━━━ Source records ━━━
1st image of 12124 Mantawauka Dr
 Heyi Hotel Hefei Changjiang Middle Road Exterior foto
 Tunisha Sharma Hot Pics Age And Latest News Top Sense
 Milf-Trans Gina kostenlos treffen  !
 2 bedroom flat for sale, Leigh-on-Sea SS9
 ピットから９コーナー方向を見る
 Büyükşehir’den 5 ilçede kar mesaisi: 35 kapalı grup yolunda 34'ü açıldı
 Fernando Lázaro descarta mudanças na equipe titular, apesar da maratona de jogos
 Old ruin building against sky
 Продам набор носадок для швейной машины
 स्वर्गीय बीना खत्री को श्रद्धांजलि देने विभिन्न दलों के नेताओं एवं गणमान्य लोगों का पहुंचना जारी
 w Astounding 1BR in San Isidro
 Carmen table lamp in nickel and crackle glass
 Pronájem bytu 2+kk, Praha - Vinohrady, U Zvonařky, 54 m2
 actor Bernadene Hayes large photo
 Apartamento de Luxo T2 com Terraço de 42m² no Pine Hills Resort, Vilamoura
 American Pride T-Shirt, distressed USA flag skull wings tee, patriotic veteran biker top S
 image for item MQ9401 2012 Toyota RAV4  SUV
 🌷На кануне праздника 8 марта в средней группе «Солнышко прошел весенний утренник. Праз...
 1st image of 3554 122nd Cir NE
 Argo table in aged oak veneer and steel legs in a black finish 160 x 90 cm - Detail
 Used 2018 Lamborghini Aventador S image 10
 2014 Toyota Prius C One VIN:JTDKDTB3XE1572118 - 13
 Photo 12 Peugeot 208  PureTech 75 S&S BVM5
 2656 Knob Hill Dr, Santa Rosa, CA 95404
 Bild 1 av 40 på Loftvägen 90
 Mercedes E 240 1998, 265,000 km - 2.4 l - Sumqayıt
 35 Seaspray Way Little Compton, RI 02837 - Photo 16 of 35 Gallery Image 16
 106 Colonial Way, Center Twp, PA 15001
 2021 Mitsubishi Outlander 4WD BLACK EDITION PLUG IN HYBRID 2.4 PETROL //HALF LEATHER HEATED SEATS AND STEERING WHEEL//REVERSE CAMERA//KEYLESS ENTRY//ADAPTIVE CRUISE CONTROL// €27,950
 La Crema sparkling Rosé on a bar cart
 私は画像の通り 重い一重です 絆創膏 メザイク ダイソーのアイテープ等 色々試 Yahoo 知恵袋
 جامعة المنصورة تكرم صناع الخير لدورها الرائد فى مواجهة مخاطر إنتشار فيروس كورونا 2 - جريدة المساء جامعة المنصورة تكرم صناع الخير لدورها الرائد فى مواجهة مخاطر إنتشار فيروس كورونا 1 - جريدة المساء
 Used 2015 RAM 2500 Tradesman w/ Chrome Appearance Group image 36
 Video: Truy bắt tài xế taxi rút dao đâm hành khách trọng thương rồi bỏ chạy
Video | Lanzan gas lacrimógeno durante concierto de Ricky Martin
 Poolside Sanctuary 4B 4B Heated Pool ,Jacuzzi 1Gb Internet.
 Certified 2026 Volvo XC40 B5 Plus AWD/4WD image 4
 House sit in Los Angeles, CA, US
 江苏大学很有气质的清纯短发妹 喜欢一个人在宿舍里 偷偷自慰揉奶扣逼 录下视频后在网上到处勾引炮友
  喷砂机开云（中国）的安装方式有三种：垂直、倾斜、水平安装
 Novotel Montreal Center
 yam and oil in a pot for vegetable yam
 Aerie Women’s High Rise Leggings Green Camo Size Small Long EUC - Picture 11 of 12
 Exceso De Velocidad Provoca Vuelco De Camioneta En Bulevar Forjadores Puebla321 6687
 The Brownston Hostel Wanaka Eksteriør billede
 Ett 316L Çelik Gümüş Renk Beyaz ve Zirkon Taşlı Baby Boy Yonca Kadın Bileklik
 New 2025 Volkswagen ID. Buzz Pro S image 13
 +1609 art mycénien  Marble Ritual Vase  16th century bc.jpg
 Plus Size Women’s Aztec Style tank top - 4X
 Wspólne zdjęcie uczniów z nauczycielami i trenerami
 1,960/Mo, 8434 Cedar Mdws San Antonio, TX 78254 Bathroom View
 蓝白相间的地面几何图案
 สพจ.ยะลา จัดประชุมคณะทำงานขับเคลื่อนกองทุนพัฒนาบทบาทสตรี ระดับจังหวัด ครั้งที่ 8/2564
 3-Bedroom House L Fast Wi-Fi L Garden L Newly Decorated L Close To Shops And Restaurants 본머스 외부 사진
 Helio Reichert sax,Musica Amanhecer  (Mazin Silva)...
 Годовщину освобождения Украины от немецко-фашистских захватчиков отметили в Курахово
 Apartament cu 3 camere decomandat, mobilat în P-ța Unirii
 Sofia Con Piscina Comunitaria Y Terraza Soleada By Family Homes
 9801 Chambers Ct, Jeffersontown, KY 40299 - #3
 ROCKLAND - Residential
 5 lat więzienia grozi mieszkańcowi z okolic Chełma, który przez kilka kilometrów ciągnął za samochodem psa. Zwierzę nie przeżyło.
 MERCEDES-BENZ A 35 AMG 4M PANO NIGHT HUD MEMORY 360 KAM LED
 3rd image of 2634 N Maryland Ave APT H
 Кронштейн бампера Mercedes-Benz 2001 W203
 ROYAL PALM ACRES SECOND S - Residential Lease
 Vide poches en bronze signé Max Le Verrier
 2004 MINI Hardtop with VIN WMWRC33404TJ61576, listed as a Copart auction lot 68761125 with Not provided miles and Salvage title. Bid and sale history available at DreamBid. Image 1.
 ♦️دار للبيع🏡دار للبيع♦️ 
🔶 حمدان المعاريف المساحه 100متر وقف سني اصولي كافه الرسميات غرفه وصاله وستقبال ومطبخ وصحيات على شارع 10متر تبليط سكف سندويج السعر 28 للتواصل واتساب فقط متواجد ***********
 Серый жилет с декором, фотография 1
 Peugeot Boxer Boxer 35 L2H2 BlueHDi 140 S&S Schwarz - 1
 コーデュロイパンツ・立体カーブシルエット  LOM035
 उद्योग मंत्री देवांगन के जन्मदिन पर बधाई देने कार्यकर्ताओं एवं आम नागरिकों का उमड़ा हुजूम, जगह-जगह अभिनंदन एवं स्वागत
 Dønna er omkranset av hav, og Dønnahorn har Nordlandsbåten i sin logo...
━━━
→ Work order:
Character for character, reproduce all of the lines above.

→ Completed task:
1st image of 12124 Mantawauka Dr
 Heyi Hotel Hefei Changjiang Middle Road Exterior foto
 Tunisha Sharma Hot Pics Age And Latest News Top Sense
 Milf-Trans Gina kostenlos treffen  !
 2 bedroom flat for sale, Leigh-on-Sea SS9
 ピットから９コーナー方向を見る
 Büyükşehir’den 5 ilçede kar mesaisi: 35 kapalı grup yolunda 34'ü açıldı
 Fernando Lázaro descarta mudanças na equipe titular, apesar da maratona de jogos
 Old ruin building against sky
 Продам набор носадок для швейной машины
 स्वर्गीय बीना खत्री को श्रद्धांजलि देने विभिन्न दलों के नेताओं एवं गणमान्य लोगों का पहुंचना जारी
 w Astounding 1BR in San Isidro
 Carmen table lamp in nickel and crackle glass
 Pronájem bytu 2+kk, Praha - Vinohrady, U Zvonařky, 54 m2
 actor Bernadene Hayes large photo
 Apartamento de Luxo T2 com Terraço de 42m² no Pine Hills Resort, Vilamoura
 American Pride T-Shirt, distressed USA flag skull wings tee, patriotic veteran biker top S
 image for item MQ9401 2012 Toyota RAV4  SUV
 🌷На кануне праздника 8 марта в средней группе «Солнышко прошел весенний утренник. Праз...
 1st image of 3554 122nd Cir NE
 Argo table in aged oak veneer and steel legs in a black finish 160 x 90 cm - Detail
 Used 2018 Lamborghini Aventador S image 10
 2014 Toyota Prius C One VIN:JTDKDTB3XE1572118 - 13
 Photo 12 Peugeot 208  PureTech 75 S&S BVM5
 2656 Knob Hill Dr, Santa Rosa, CA 95404
 Bild 1 av 40 på Loftvägen 90
 Mercedes E 240 1998, 265,000 km - 2.4 l - Sumqayıt
 35 Seaspray Way Little Compton, RI 02837 - Photo 16 of 35 Gallery Image 16
 106 Colonial Way, Center Twp, PA 15001
 2021 Mitsubishi Outlander 4WD BLACK EDITION PLUG IN HYBRID 2.4 PETROL //HALF LEATHER HEATED SEATS AND STEERING WHEEL//REVERSE CAMERA//KEYLESS ENTRY//ADAPTIVE CRUISE CONTROL// €27,950
 La Crema sparkling Rosé on a bar cart
 私は画像の通り 重い一重です 絆創膏 メザイク ダイソーのアイテープ等 色々試 Yahoo 知恵袋
 جامعة المنصورة تكرم صناع الخير لدورها الرائد فى مواجهة مخاطر إنتشار فيروس كورونا 2 - جريدة المساء جامعة المنصورة تكرم صناع الخير لدورها الرائد فى مواجهة مخاطر إنتشار فيروس كورونا 1 - جريدة المساء
 Used 2015 RAM 2500 Tradesman w/ Chrome Appearance Group image 36
 Video: Truy bắt tài xế taxi rút dao đâm hành khách trọng thương rồi bỏ chạy
Video | Lanzan gas lacrimógeno durante concierto de Ricky Martin
 Poolside Sanctuary 4B 4B Heated Pool ,Jacuzzi 1Gb Internet.
 Certified 2026 Volvo XC40 B5 Plus AWD/4WD image 4
 House sit in Los Angeles, CA, US
 江苏大学很有气质的清纯短发妹 喜欢一个人在宿舍里 偷偷自慰揉奶扣逼 录下视频后在网上到处勾引炮友
  喷砂机开云（中国）的安装方式有三种：垂直、倾斜、水平安装
 Novotel Montreal Center
 yam and oil in a pot for vegetable yam
 Aerie Women’s High Rise Leggings Green Camo Size Small Long EUC - Picture 11 of 12
 Exceso De Velocidad Provoca Vuelco De Camioneta En Bulevar Forjadores Puebla321 6687
 The Brownston Hostel Wanaka Eksteriør billede
 Ett 316L Çelik Gümüş Renk Beyaz ve Zirkon Taşlı Baby Boy Yonca Kadın Bileklik
 New 2025 Volkswagen ID. Buzz Pro S image 13
 +1609 art mycénien  Marble Ritual Vase  16th century bc.jpg
 Plus Size Women’s Aztec Style tank top - 4X
 Wspólne zdjęcie uczniów z nauczycielami i trenerami
 1,960/Mo, 8434 Cedar Mdws San Antonio, TX 78254 Bathroom View
 蓝白相间的地面几何图案
 สพจ.ยะลา จัดประชุมคณะทำงานขับเคลื่อนกองทุนพัฒนาบทบาทสตรี ระดับจังหวัด ครั้งที่ 8/2564
 3-Bedroom House L Fast Wi-Fi L Garden L Newly Decorated L Close To Shops And Restaurants 본머스 외부 사진
 Helio Reichert sax,Musica Amanhecer  (Mazin Silva)...
 Годовщину освобождения Украины от немецко-фашистских захватчиков отметили в Курахово
 Apartament cu 3 camere decomandat, mobilat în P-ța Unirii
 Sofia Con Piscina Comunitaria Y Terraza Soleada By Family Homes
 9801 Chambers Ct, Jeffersontown, KY 40299 - #3
 ROCKLAND - Residential
 5 lat więzienia grozi mieszkańcowi z okolic Chełma, który przez kilka kilometrów ciągnął za samochodem psa. Zwierzę nie przeżyło.
 MERCEDES-BENZ A 35 AMG 4M PANO NIGHT HUD MEMORY 360 KAM LED
 3rd image of 2634 N Maryland Ave APT H
 Кронштейн бампера Mercedes-Benz 2001 W203
 ROYAL PALM ACRES SECOND S - Residential Lease
 Vide poches en bronze signé Max Le Verrier
 2004 MINI Hardtop with VIN WMWRC33404TJ61576, listed as a Copart auction lot 68761125 with Not provided miles and Salvage title. Bid and sale history available at DreamBid. Image 1.
 ♦️دار للبيع🏡دار للبيع♦️ 
🔶 حمدان المعاريف المساحه 100متر وقف سني اصولي كافه الرسميات غرفه وصاله وستقبال ومطبخ وصحيات على شارع 10متر تبليط سكف سندويج السعر 28 للتواصل واتساب فقط متواجد ***********
 Серый жилет с декором, фотография 1
 Peugeot Boxer Boxer 35 L2H2 BlueHDi 140 S&S Schwarz - 1
 コーデュロイパンツ・立体カーブシルエット  LOM035
 उद्योग मंत्री देवांगन के जन्मदिन पर बधाई देने कार्यकर्ताओं एवं आम नागरिकों का उमड़ा हुजूम, जगह-जगह अभिनंदन एवं स्वागत
 Dønna er omkranset av hav, og Dønnahorn har Nordlandsbåten i sin logo...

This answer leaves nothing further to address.